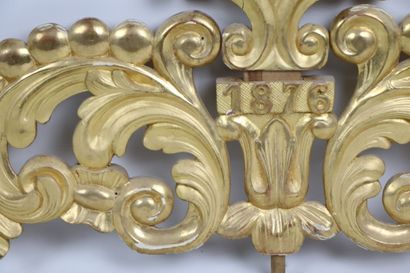 null Gilded wood pediment with scrolls and acanthus leaves, topped by a cross. 
Dated...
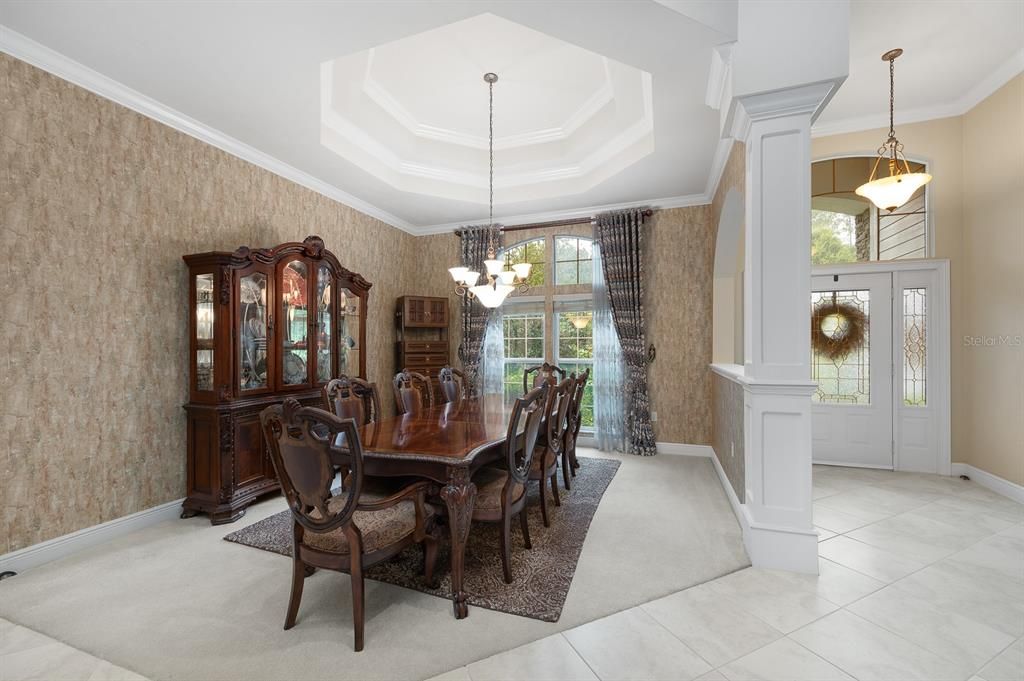 合同活跃: $875,000 (5 贝兹, 5 浴室, 3796 平方英尺)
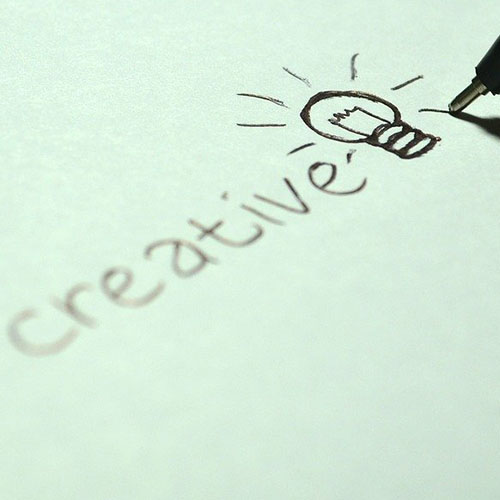종이에 그려진 전구와 Creative 문구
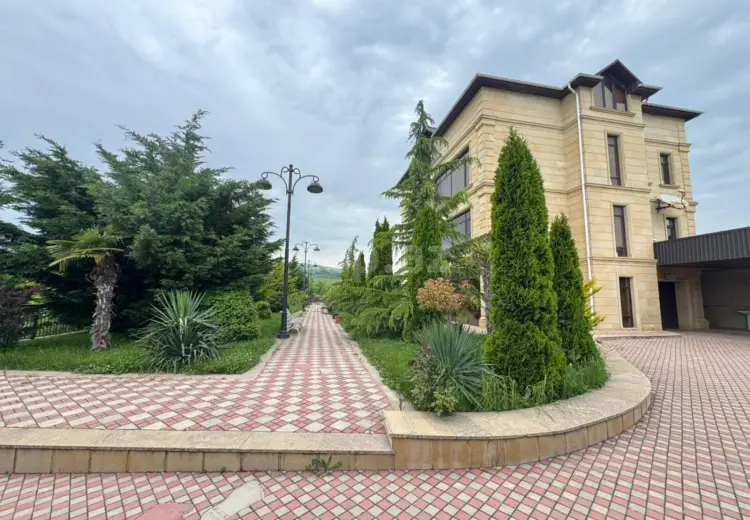 10 otaqlı mənzil , Şamaxı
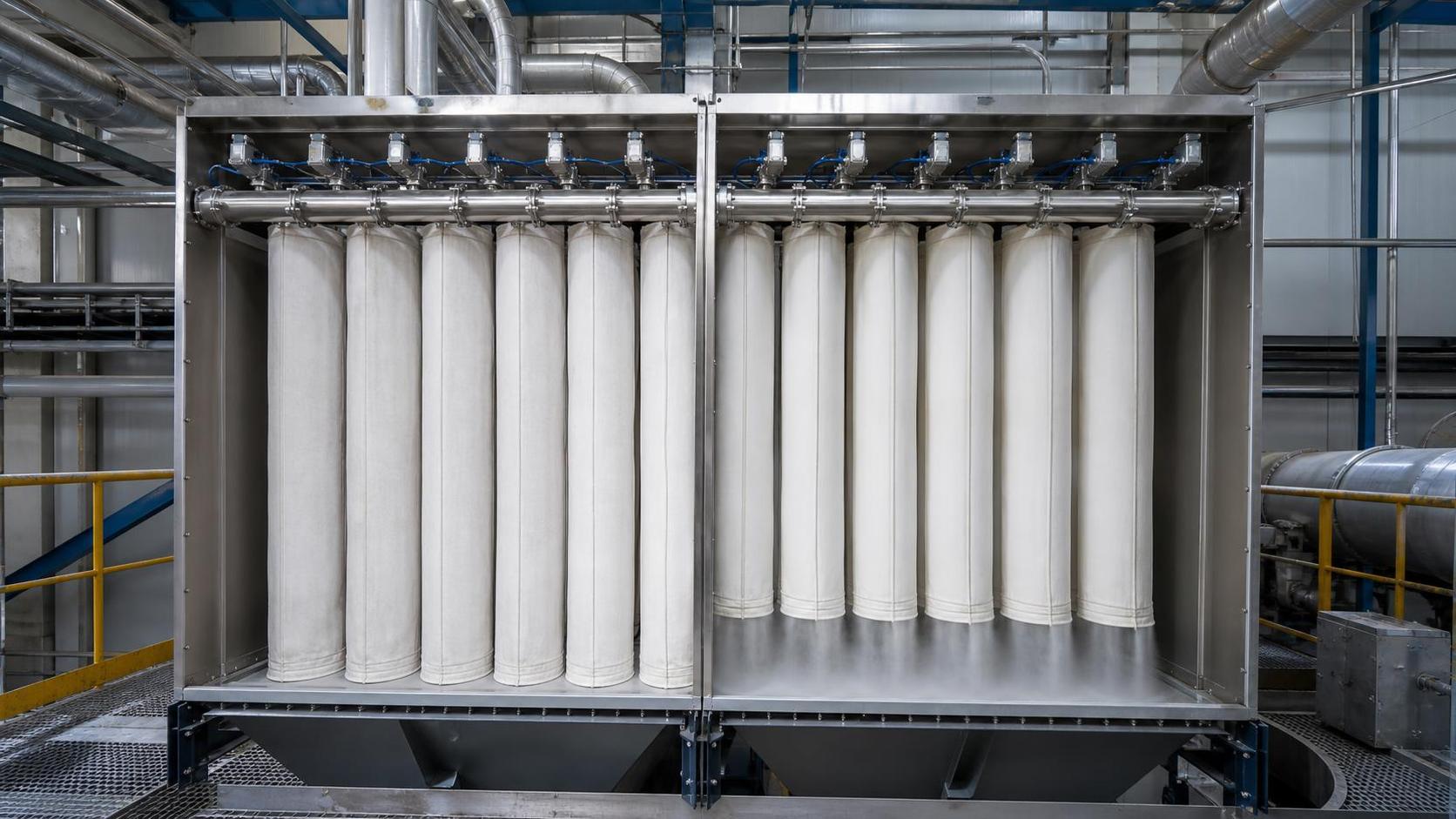 When does PPS filter media for dust collectors outperform polyester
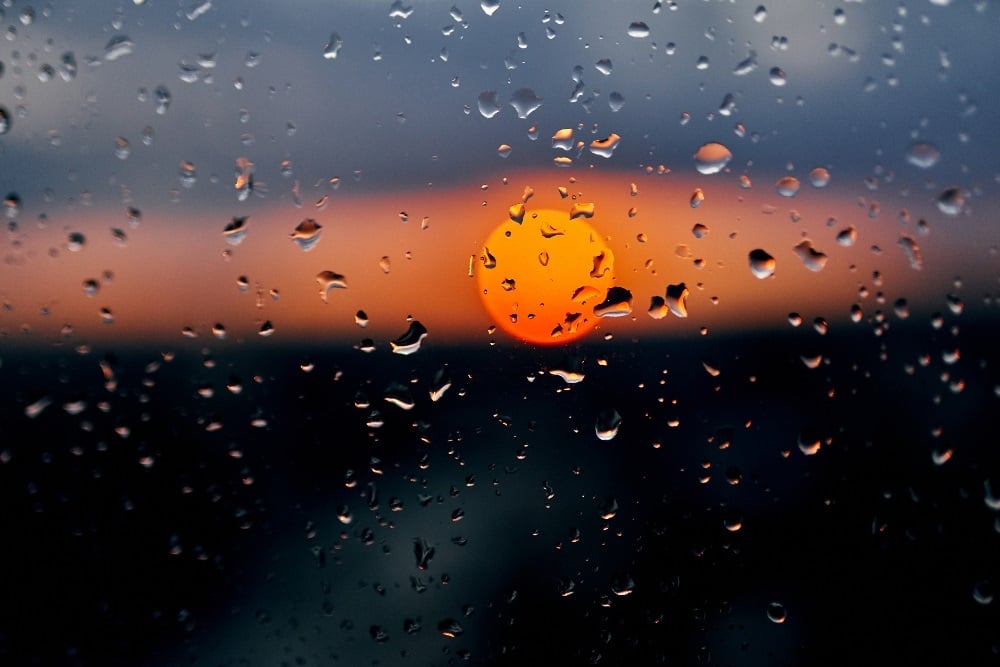 Areas along the east coast will see sunny, warm weather with some light rain. (Ekaterina Goncharova/Getty Images)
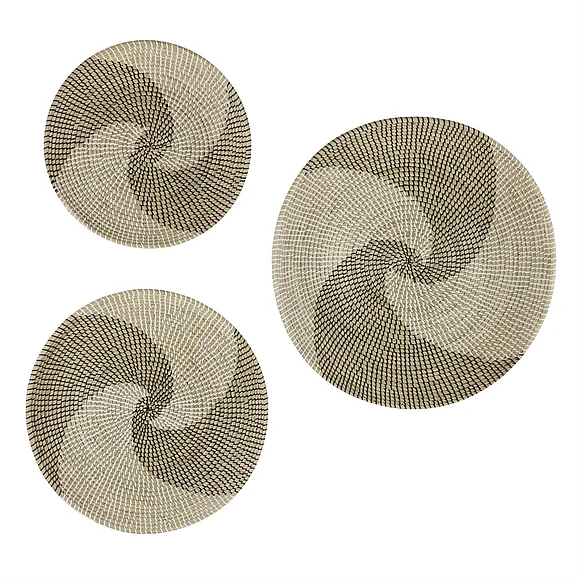 UMA Brown Seagrass Plate Handmade Spiral Basket Home Wall Decor with Black and White Accents, Set of 3 29, 24, 20D | 84432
■ ■ ■ ■
**Task description:**
Recopy the full listing exactly, passing over any picture.

**The answer:**
 null Gilded wood pediment with scrolls and acanthus leaves, topped by a cross. 
Dated...
 合同活跃: $875,000 (5 贝兹, 5 浴室, 3796 平方英尺)
종이에 그려진 전구와 Creative 문구
 10 otaqlı mənzil , Şamaxı
 When does PPS filter media for dust collectors outperform polyester
 Areas along the east coast will see sunny, warm weather with some light rain. (Ekaterina Goncharova/Getty Images)
 UMA Brown Seagrass Plate Handmade Spiral Basket Home Wall Decor with Black and White Accents, Set of 3 29, 24, 20D | 84432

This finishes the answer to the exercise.